### RECORDED INFORMATION:
--------------------------------
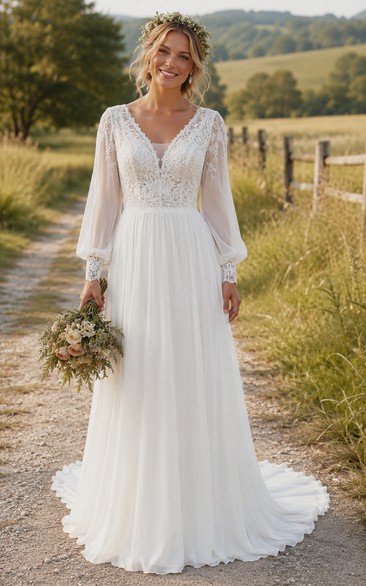 Boho V-Neck A-Line Country Wedding Dress with Poet Sleeves and Lace Bodice
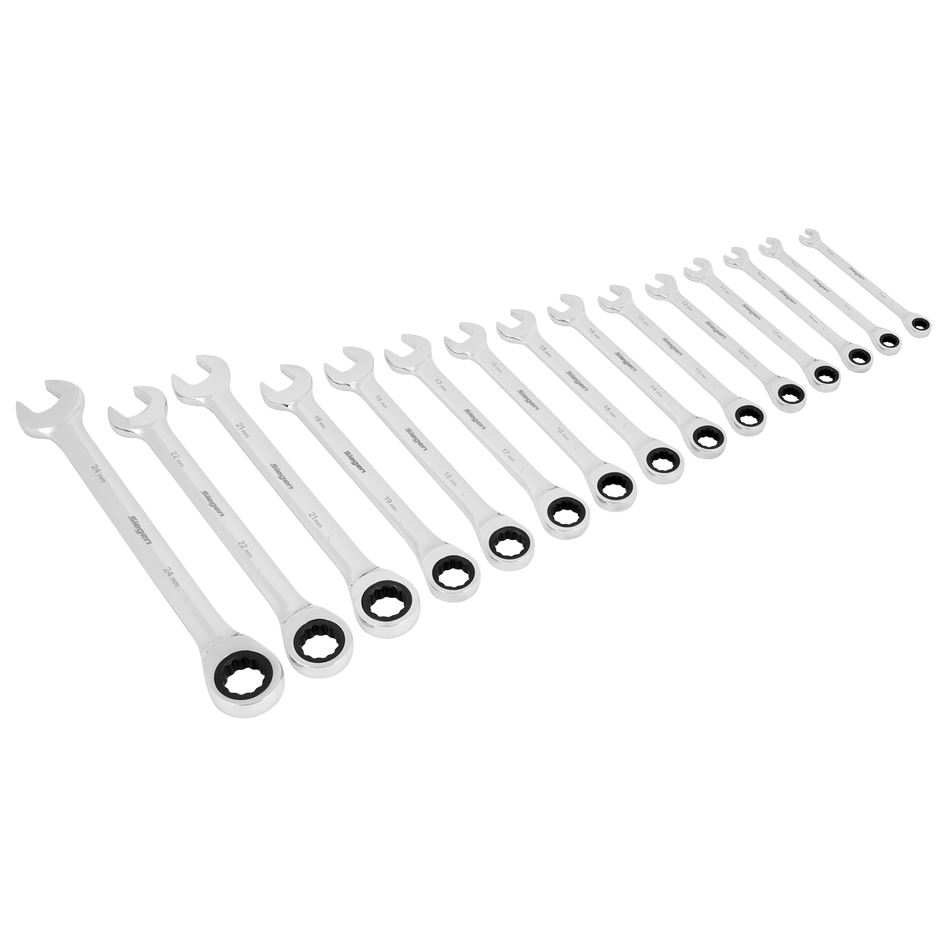 S01247 Siegen Combination Ratchet Spanner Set 15pc
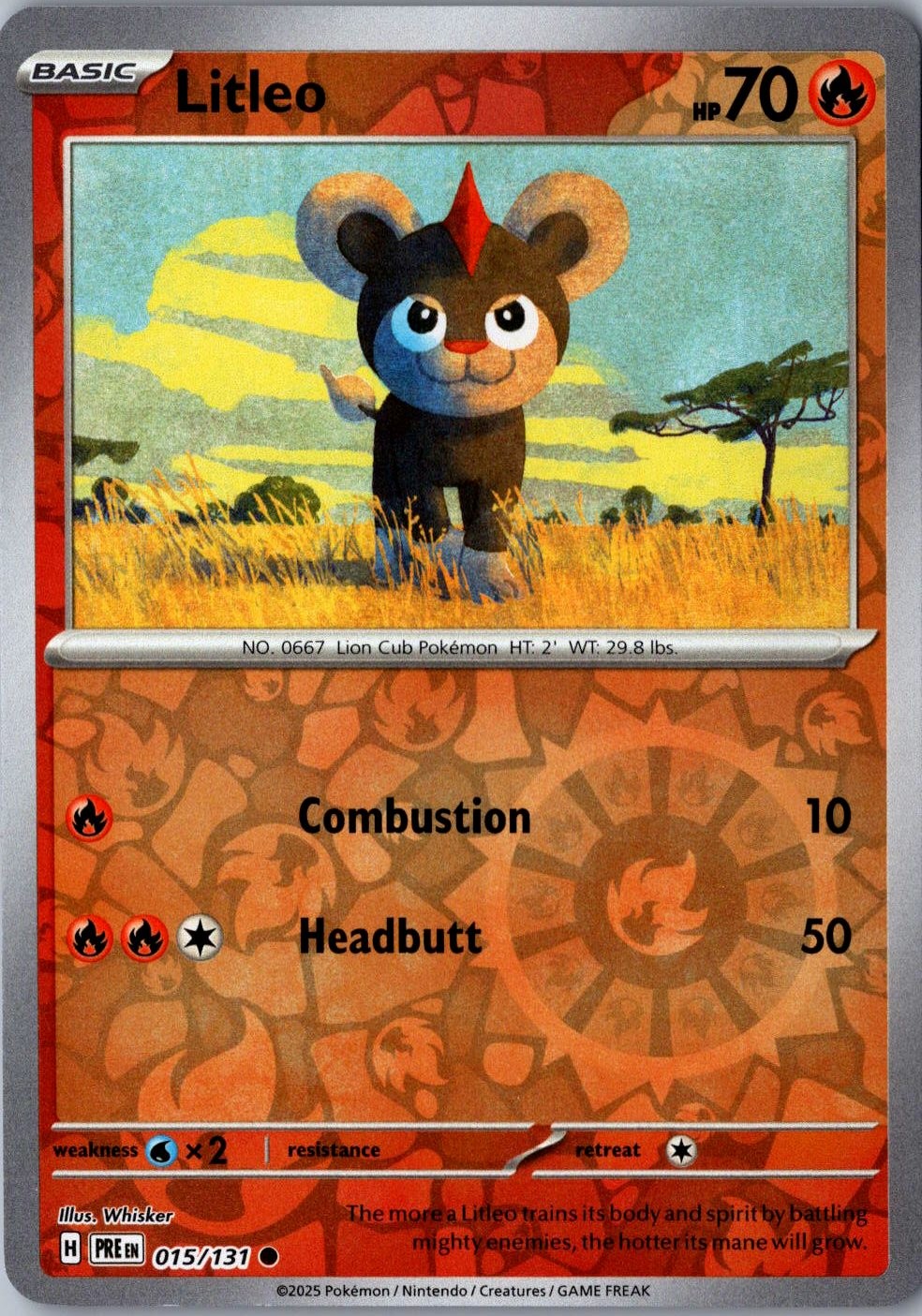 Litleo 015/131 Pokemon Card LP Reverse Holo Common SV: Prismatic Evolutions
--------------------------------
### EXERCISE DIRECTIONS:
Would you retype all the material above exactly, apart from its pictures?

### OUTPUT:
 Boho V-Neck A-Line Country Wedding Dress with Poet Sleeves and Lace Bodice
 S01247 Siegen Combination Ratchet Spanner Set 15pc
 Litleo 015/131 Pokemon Card LP Reverse Holo Common SV: Prismatic Evolutions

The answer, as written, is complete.